* Listed entries:
★ ★ ★ ★ ★ ★ ★

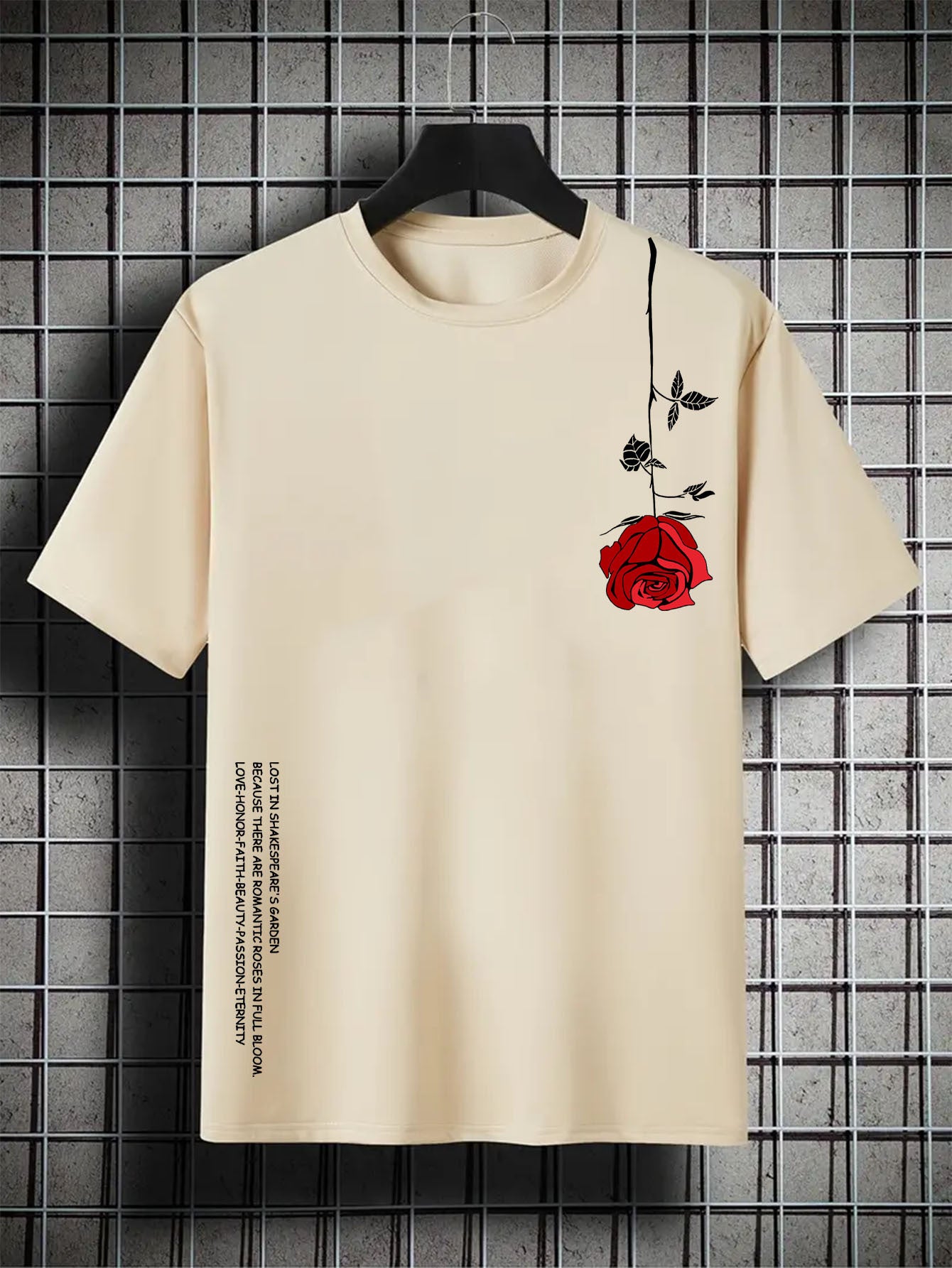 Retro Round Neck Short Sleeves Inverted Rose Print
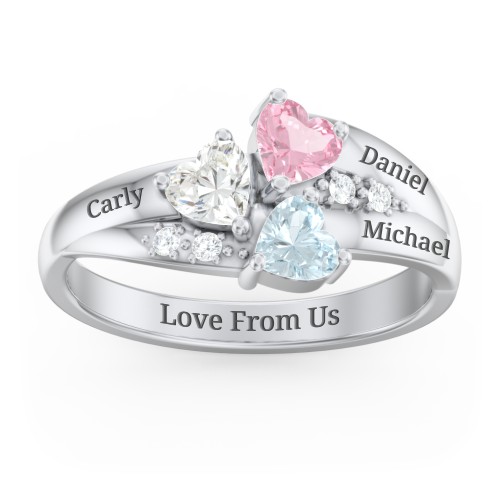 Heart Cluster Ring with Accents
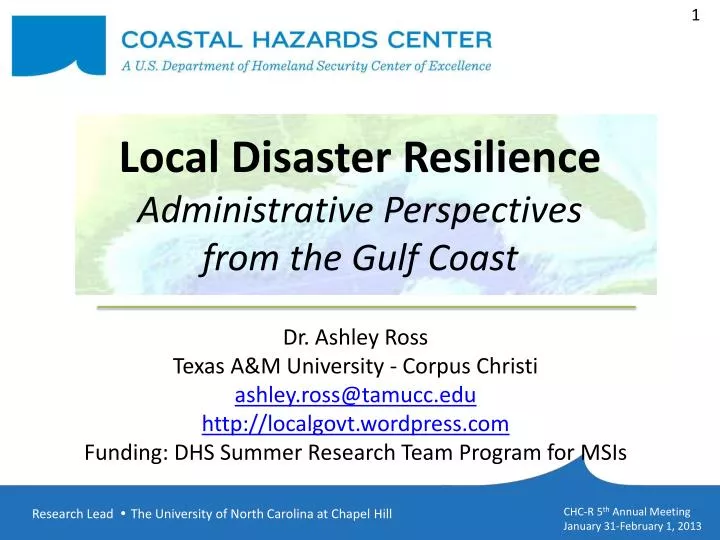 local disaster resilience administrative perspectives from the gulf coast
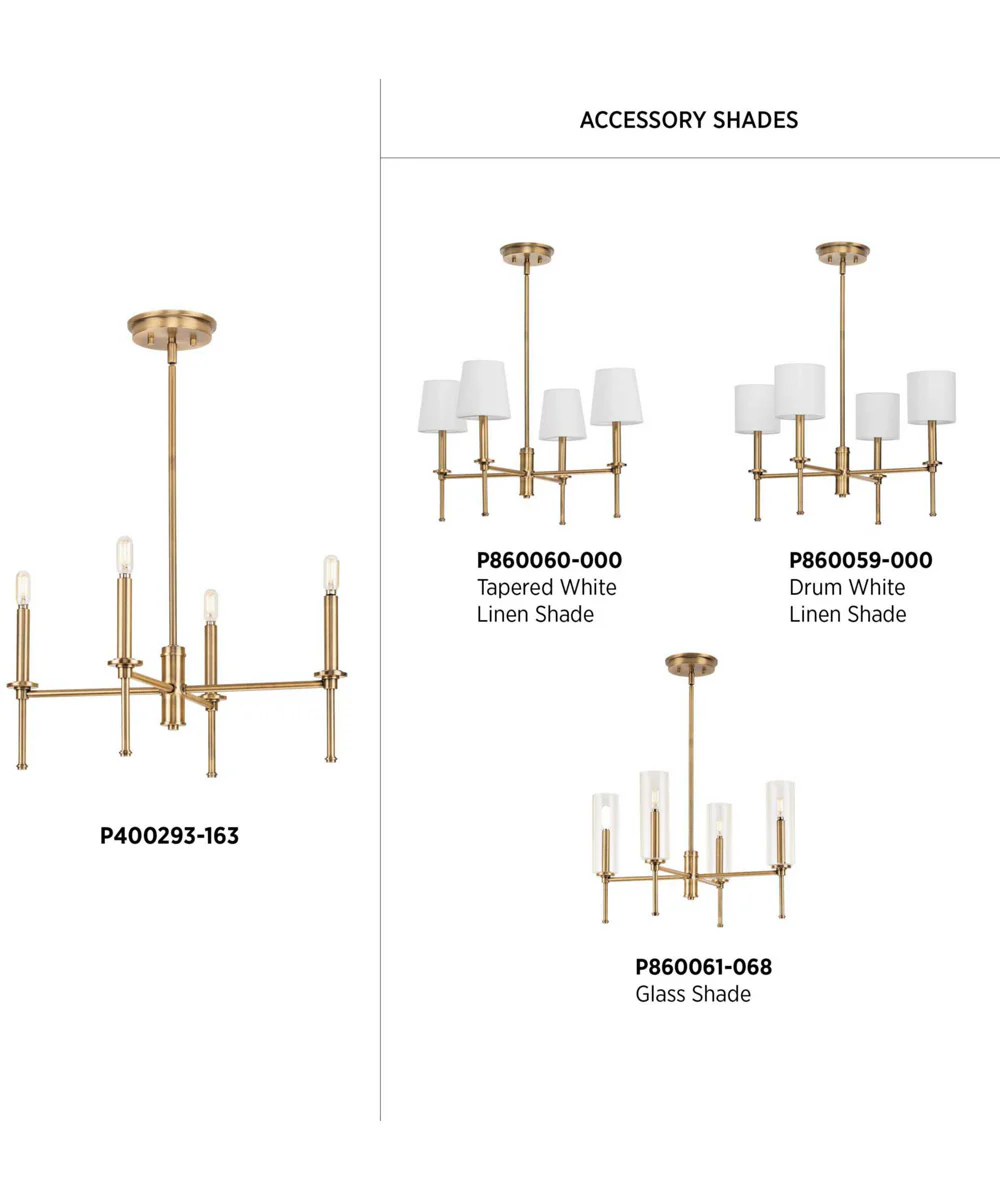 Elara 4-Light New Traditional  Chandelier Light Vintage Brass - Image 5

★ ★ ★ ★ ★ ★ ★

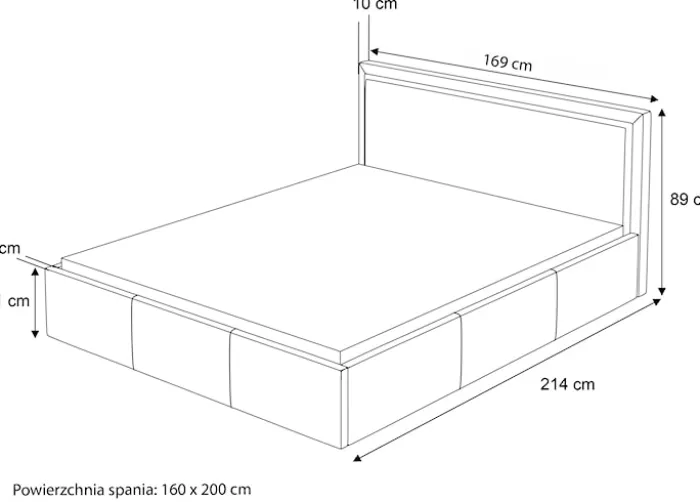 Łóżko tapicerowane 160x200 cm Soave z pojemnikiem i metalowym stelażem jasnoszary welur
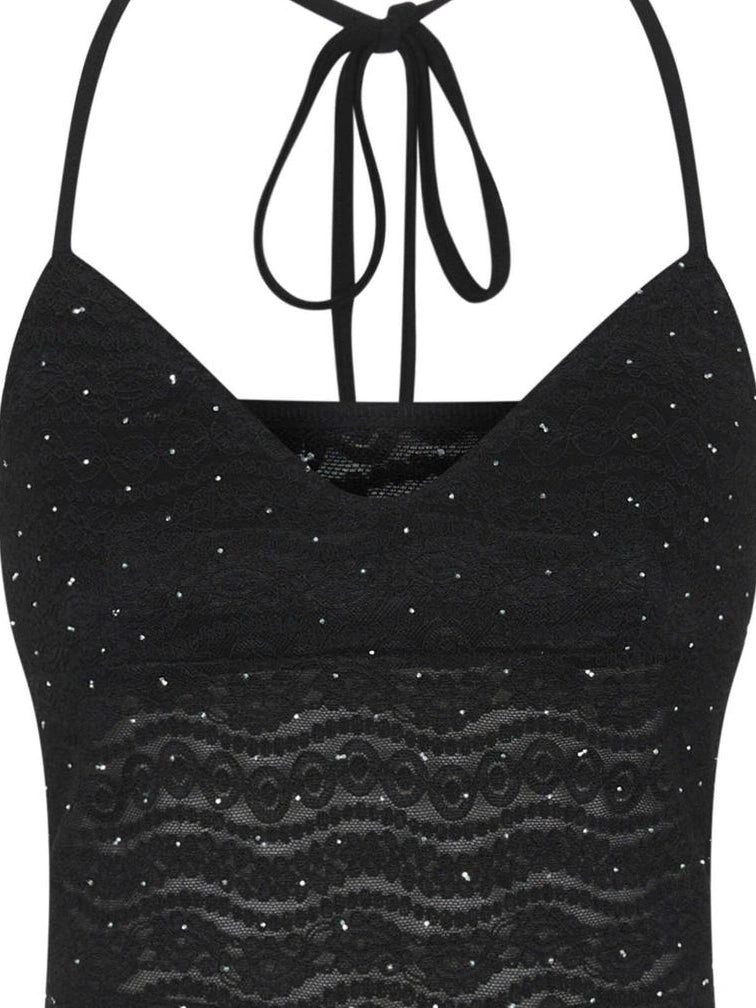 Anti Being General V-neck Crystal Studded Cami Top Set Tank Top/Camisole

★ ★ ★ ★ ★ ★ ★

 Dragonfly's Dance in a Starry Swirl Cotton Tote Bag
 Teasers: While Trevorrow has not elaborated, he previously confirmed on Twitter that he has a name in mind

★ ★ ★ ★ ★ ★ ★

* Task description: Pictures aside, print exactly the lines above starting with the one containing "Łóżko tapicerowane 160x200" and going on through the one containing "Anti Being General".

* Answer box:
 Łóżko tapicerowane 160x200 cm Soave z pojemnikiem i metalowym stelażem jasnoszary welur
 Anti Being General V-neck Crystal Studded Cami Top Set Tank Top/Camisole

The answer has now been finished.